Self-Enrichment Bridge

Module Thesis

Hom objects are τ-objects with tower-coherent staging; the Yoneda embedding is fully faithful and bipolar-preserving.

Overview

In most categories, morphism spaces are external – they live in the ambient category Set, not in the category under study. Category $\tau$ is different: its morphism spaces are themselves $\tau$-objects. The framework enriches over itself. This is not assumed – it is proved as a theorem (II.D53), building on the Mutual Determination results and the holomorphic machinery earned in earlier parts. Self-enrichment is the mathematical precondition for the enrichment ladder that structures the entire seven-book series.

The Core Idea

For any two objects $A,B\in \text{Obj}\left(\tau \right)$, the morphism space $\text{Hom}(A,B)$ is itself a $\tau$-object (II.D53). It has an NF-address, split-complex values, and tower-coherent staging inherited from the primorial tower: ${[A,B]}_k=\text{Hom}(A_k,B_k)$. Each Hom object inherits the bipolar decomposition: $[A,B]=e_{+}\cdot {[A,B]}_{+}+e_{-}\cdot {[A,B]}_{-}$.

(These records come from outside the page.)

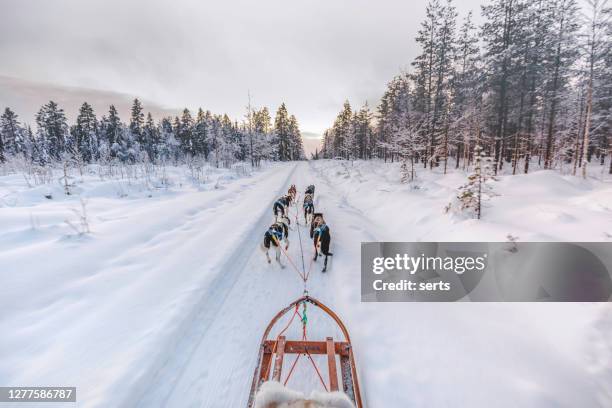 husky dog sledding in lapland, finland - husky stock pictures, royalty-free photos & images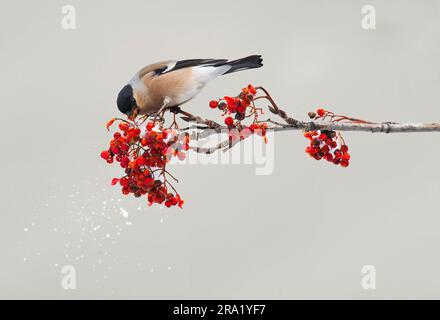 Bullfinch, bullfinch eurasien, bullfinch du nord (Pyrrhula pyrrhula), femelles mangeant des framboises en hiver, vue latérale, Italie Banque D'Images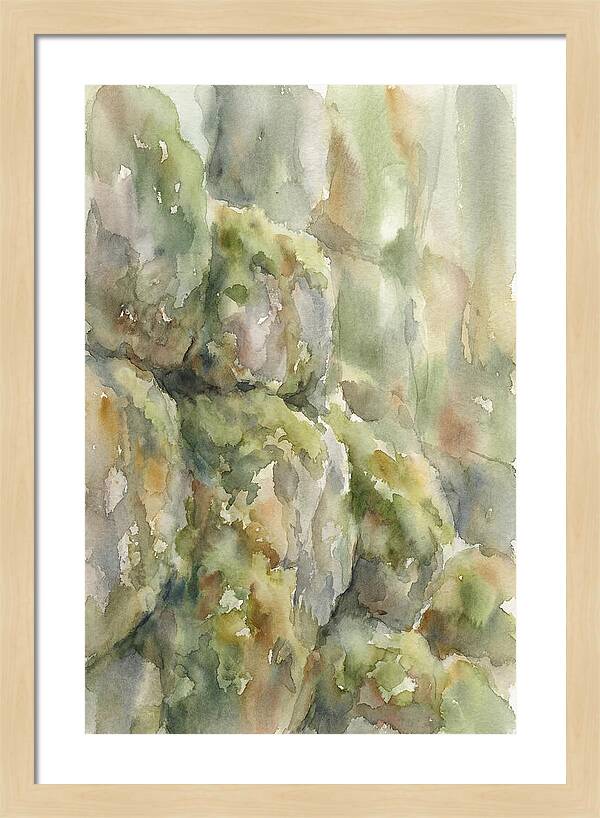 Moss Covered Stones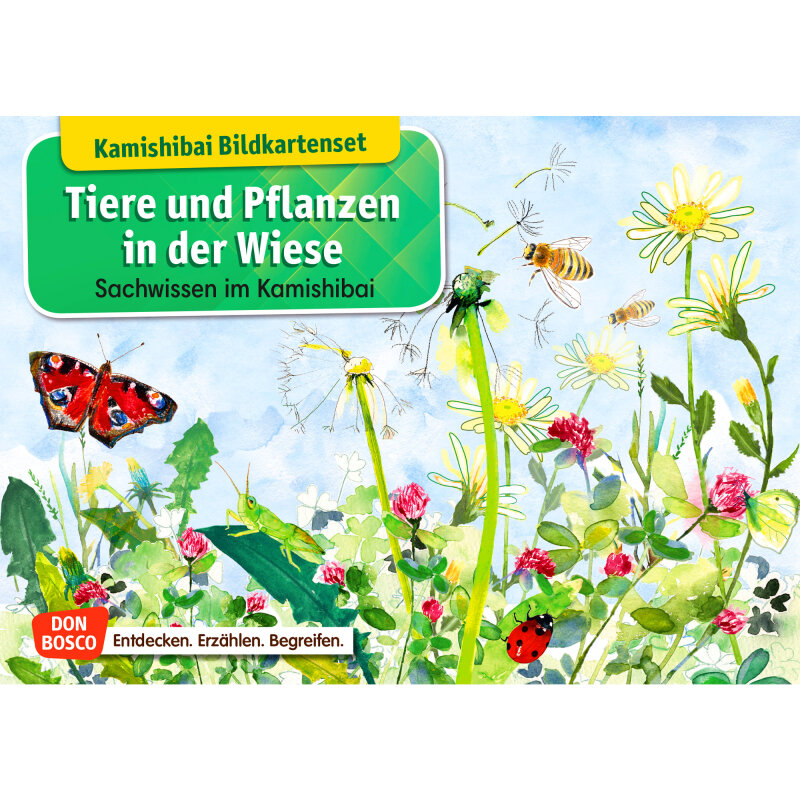 Kamishibai Karten Tiere und Pflanzen in der Wiese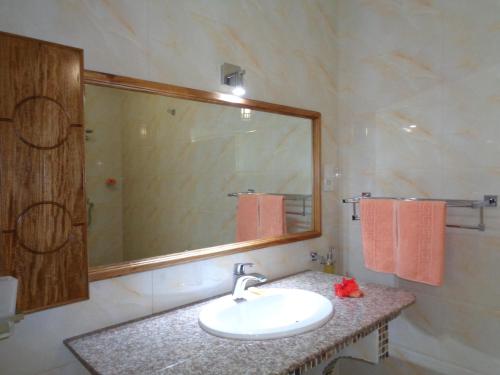 uma casa de banho com um lavatório e um espelho em Chez Michellin Pensions Residence em La Digue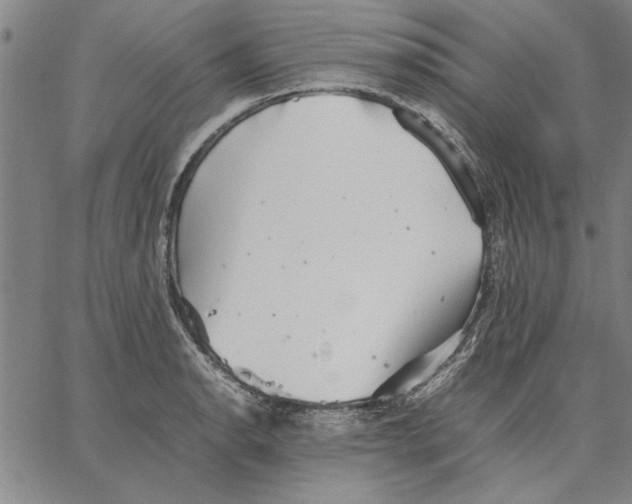 X0000066081134200604071725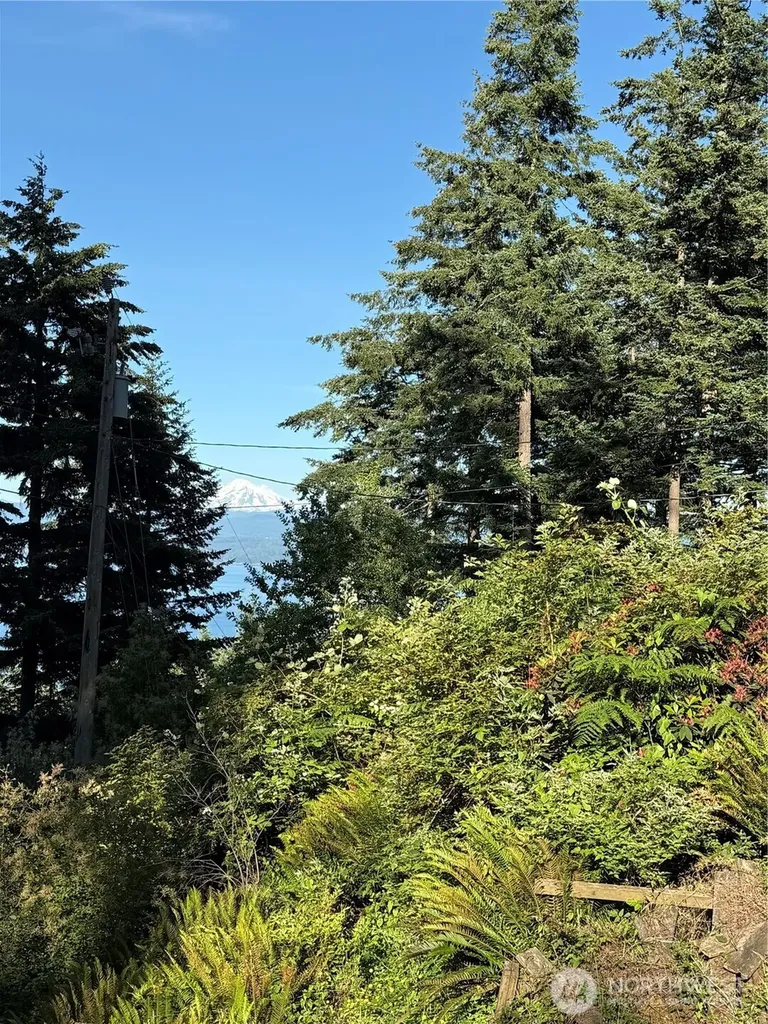 2959 Dogwood Terrace Lummi Island WA 98262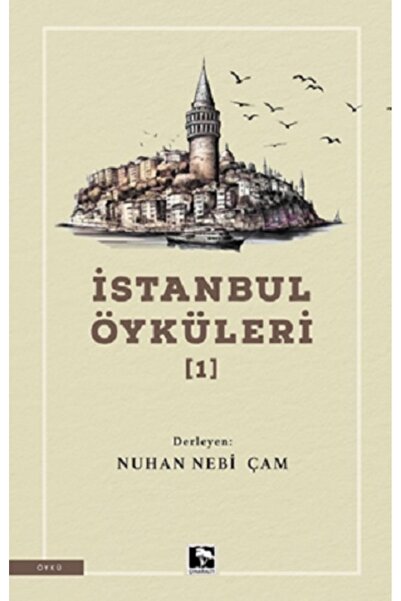 Çınaraltı Yayınları İstanbul Öyküleri-1 kitabı güncel Nuhan Nebi Çam Edebiyat...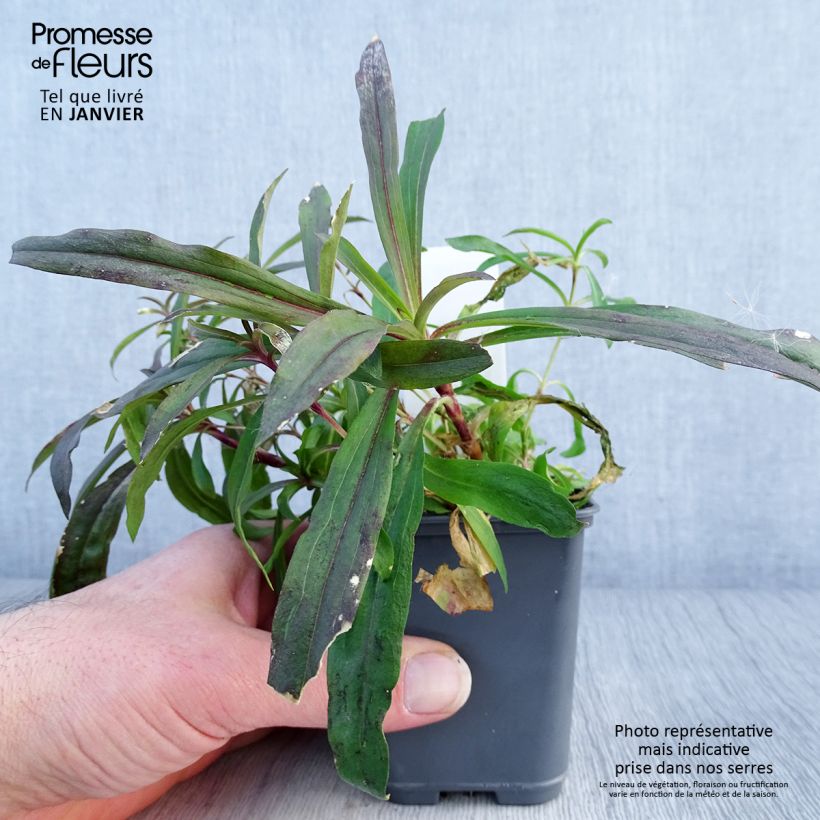 Spécimen de Dianthus barbatus Oeschberg, Oeillet barbu Godet de 8/9 cm tel que livré en hiver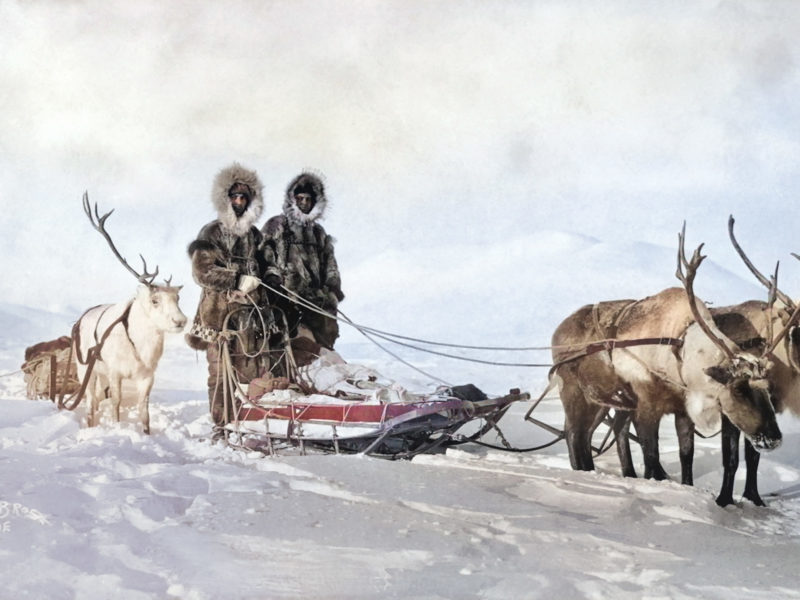 Lomen brothers behind a reindeer sled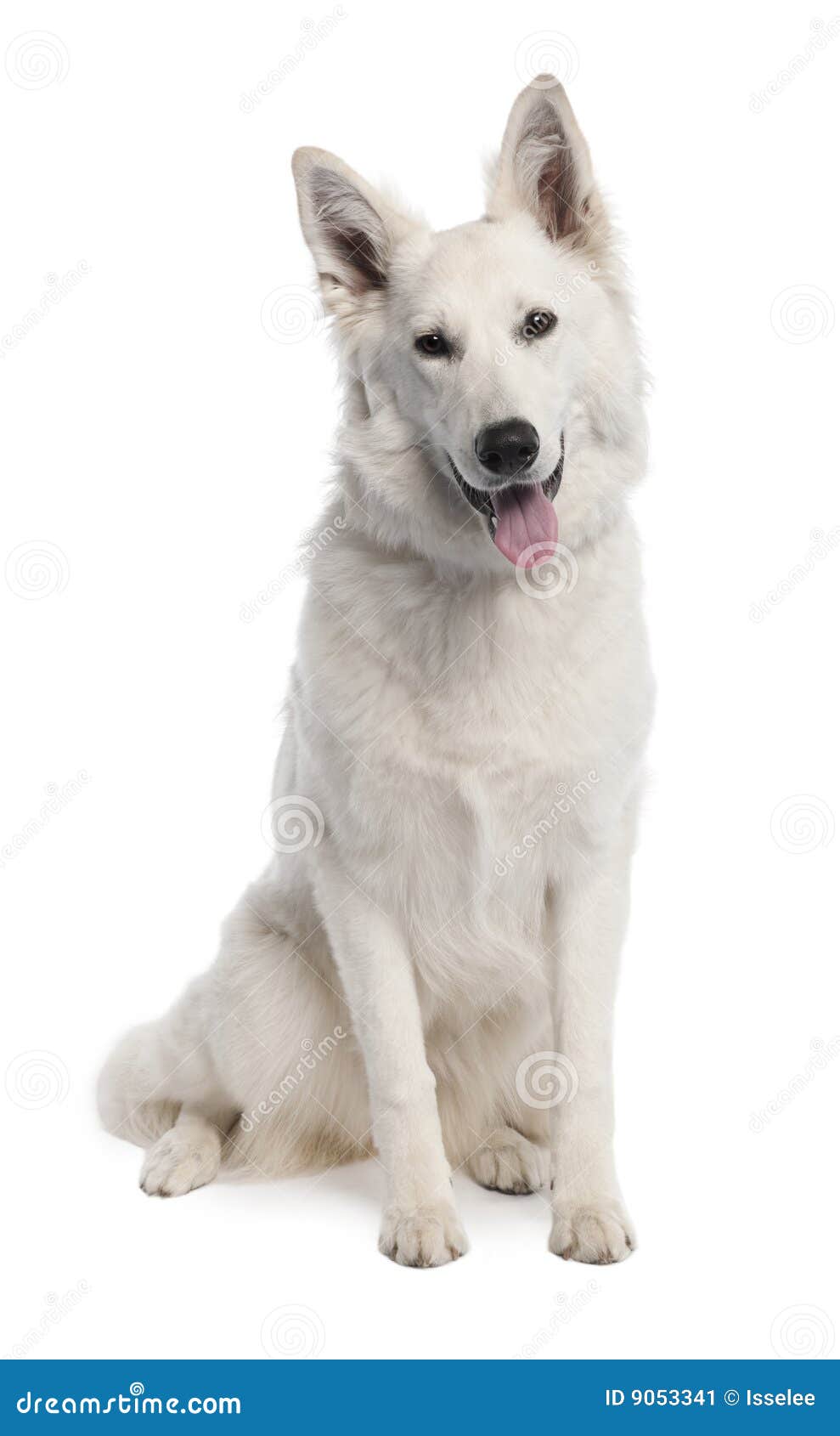 White Shepherd Dog (7 Years Old) Stock Image - Image of looking, mouth ...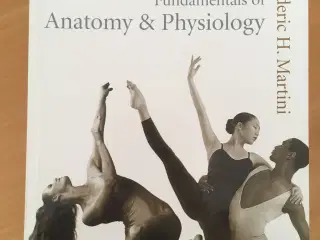 Fundamentals of Anatomi&Physiology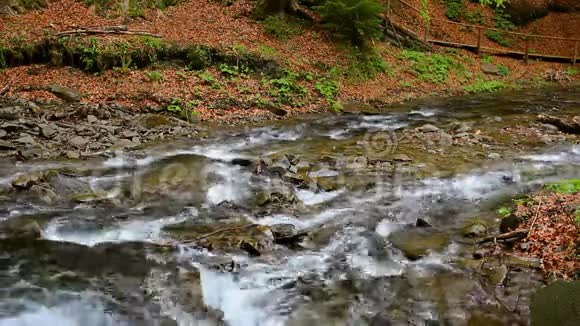 山河溪景观湍急的河流视频的预览图
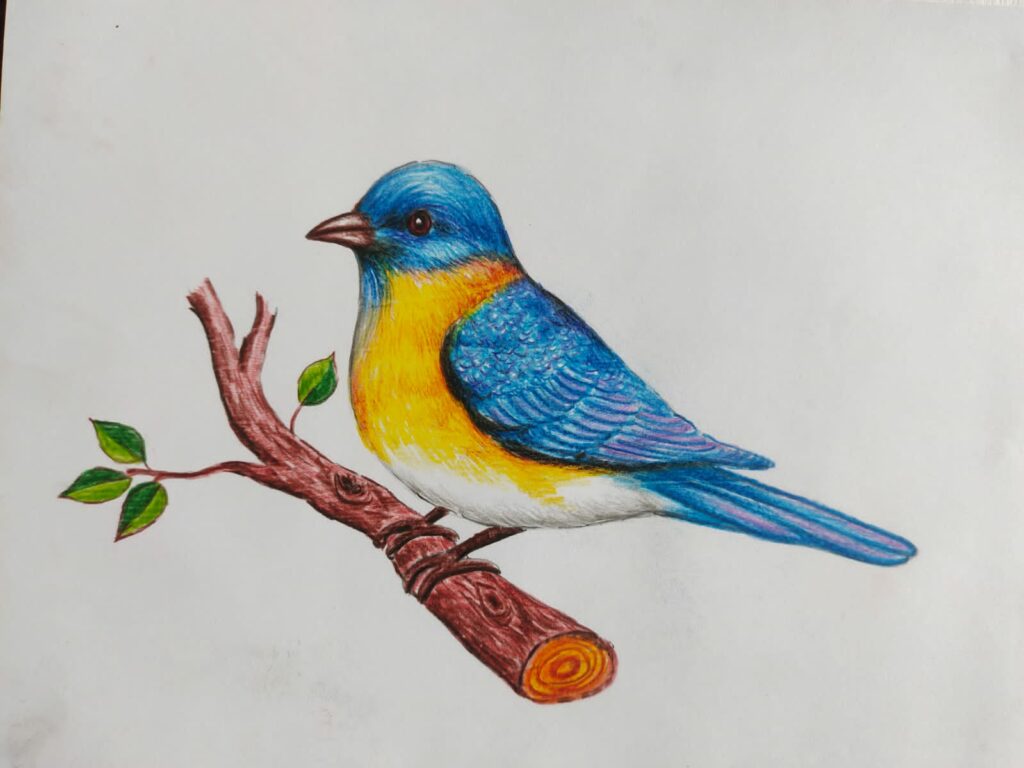 Color Pencil 1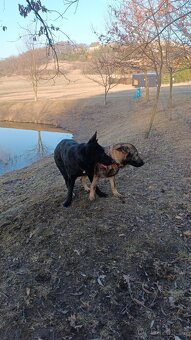 Německý ovčák - 9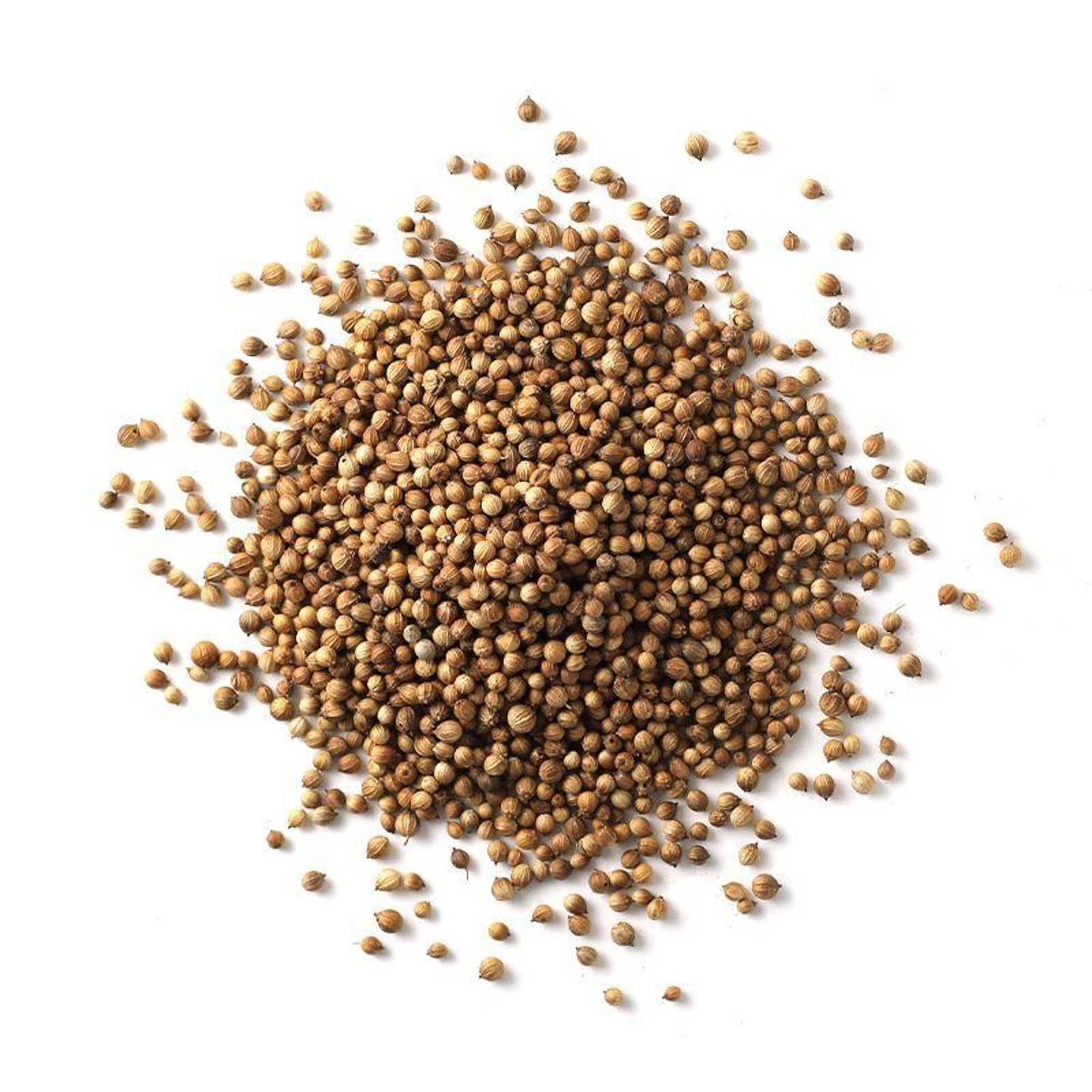 Whole coriander seeds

The Yoneda Embedding Theorem (II.T36) is then proved – not assumed. The embedding $\tau \hookrightarrow [{\tau }^{\text{op}},\tau ]$ is fully faithful and bipolar-preserving. The proof uses probe naturality: the same condition that forced continuity in earlier parts now forces the Yoneda embedding. This is the deep reason holomorphy is primitive in $\tau$.

Enrichment layers then iterate: $\tau \to [\tau ,\tau ]\to \left[\right[\tau ,\tau ],[\tau ,\tau \left]\right]$. Two-morphisms arise from $\text{Hom}\left(\text{Hom}\right(A,B),\text{Hom}(C,D\left)\right)$. The split-complex structure propagates to all higher layers. This is the beginning of the enrichment ladder $E_0\to E_1\to E_2\to E_3$ that structures the entire series architecture. The self-describing property (II.D54) – $\tau$ describes its own morphisms – is the precondition for the framework to eventually describe its own physics.

Why This Matters

Self-enrichment is the bridge from pure mathematics to everything else. In the series architecture, $E_0$ is the mathematical layer (Books I-III), $E_1$ is physics (Books IV-V), $E_2$ is life (Book VI), and $E_3$ is metaphysics (Book VII). The transition from one layer to the next is powered by self-enrichment: each layer can describe the next because it can describe its own morphism spaces.

Key Claims

1. II.D53 – Self-enrichment: Hom objects are $\tau$-objects with tower-coherent staging (established, machine-checked in TauLib)
2. II.T36 – Yoneda Embedding: fully faithful and bipolar-preserving, proved as theorem (established, machine-checked)
3. II.T43 – Enrichment iteration produces higher morphism spaces (established, machine-checked)
4. II.D54 – Self-description: $\tau$ describes its own morphisms internally (established, machine-checked)